O editor me ofereceu então o cálice do qual eu não esperava beber:
- Ele é seu amigo? Então você mesmo escreve.

Maldita boca esta minha, disse eu a mim mesmo. Durante dias e noites, olhei o livro por todos os ângulos, queria encontrar nele algo valioso, que sustentasse uma recomendação aos leitores. Não encontrei nada. Falo então do autor, pensei. Não era o caso, a resenha teria de ser sobre o livro. Voltei ao editor. Me desculpa, mas não consigo escrever a resenha. O livro não é bom? Então deixa pra lá.

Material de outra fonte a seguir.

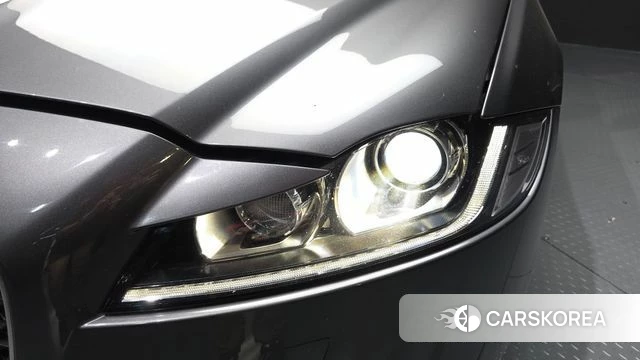 Jaguar XF (X260) id 4525968 из Кореи 14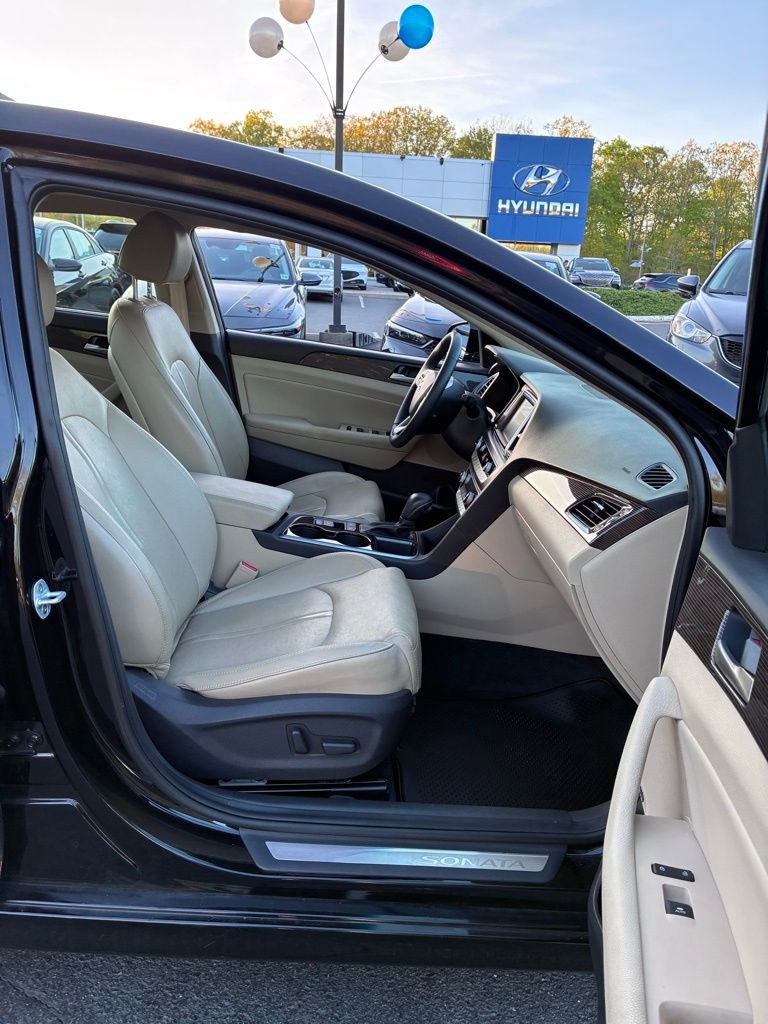 Used 2019 Hyundai Sonata Limited w/ Ultimate Package 04 FWD image 20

Eu estava entre a cruz e a espada. Dado meu apreço ao autor, não conseguia queimar o livro. Elogiá-lo, muito menos. Seria vender gato por lebre para meus leitores. E meus leitores sempre me cobram. Me senti então na obrigação de comunicar o acontecido a meu amigo. Vivíamos ainda na época pré-internética, escrevi uma carta. Era nossa forma de comunicação. Resumo da ópera: ele nunca mais me escreveu.

Respeitei seu silêncio e também permaneci silente. Meus amigos sempre foram escassos. Se for contá-los nos dedos, sobram dedos. Naquele dia, sobrou mais um. Me lembrei da ruptura entre Sartre e Camus. Para Sartre, amizade não admitia discordâncias. "L'amitié, elle aussi, tend à devenir totalitaire; il faut l'accord en tout ou la brouille, et les sans-parti eux-mêmes se comportent en militants de partis imaginaires".

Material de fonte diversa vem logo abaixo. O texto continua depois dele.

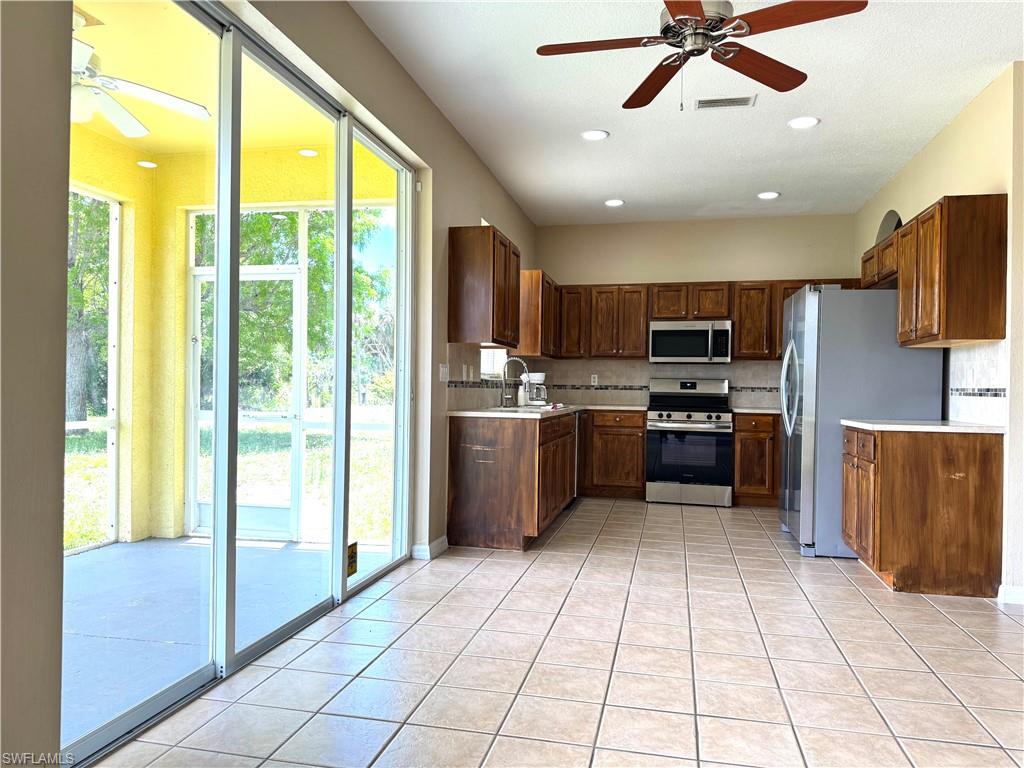 117 Shadow Lakes DR photo 18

Paciência, que se vai fazer? Ele continuou insistindo em sua literatura. Ano passado, recebeu nada menos que cinco prêmios literários. O que, para mim, tornou-o altamente suspeito. Ora, ninguém recebe cinco prêmios literários num ano só por méritos literários. Fosse como fosse, achei que ele deveria estar muito feliz e me senti contente com isso.

Leio agora que um de seus livros foi recolhido pela Secretária de Educação de Santa Catarina, da rede de ensino médio, por seu conteúdo erótico. A Folha transcreve o que os donos da cultura catarinense consideram erótico: dois ou três palavrões e uma chupada. Nada que seja estranho a um adolescente. Mas o ensino oficial é isso mesmo. Sempre considera que alunos são castas almas sem sexualidade alguma. Intimamente, me solidarizei com meu ex-companheiro de botecos.

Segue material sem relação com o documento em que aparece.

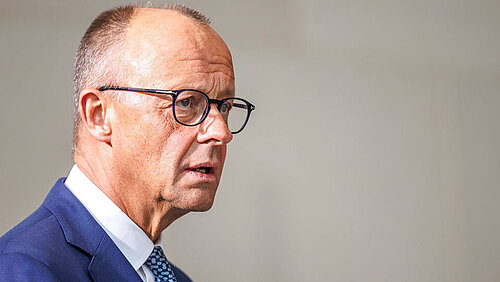 Infrastruktur-Zukunftsgesetz: Merz schreitet voran – Umwelt und Demokratie in Not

Mas havia algo mais na notícia. De acordo com nota oficial da pasta, o recolhimento foi determinado após dois professores lerem o livro antes da utilização em sala e comunicarem aos superiores. Foram recolhidos nas escolas 130 mil exemplares da obra.
Ou seja, o homem havia feito contato a máfia e passara a participar da confraria dos autores compulsórios.

Interrogado sobre o recolhimento de seus livros, disse: "Eu soube da interdição e fiquei horrorizado com isso". Curiosamente, não se horroriza com o fato de ter 130 mil exemplares de sua obra empurrados goela abaixo de 130 mil alunos.

Tinha razão. Vai ficar rico, se já não é. A vida são perdas e ganhos, dizia. Vejo que perdi uma caixa de cervejas.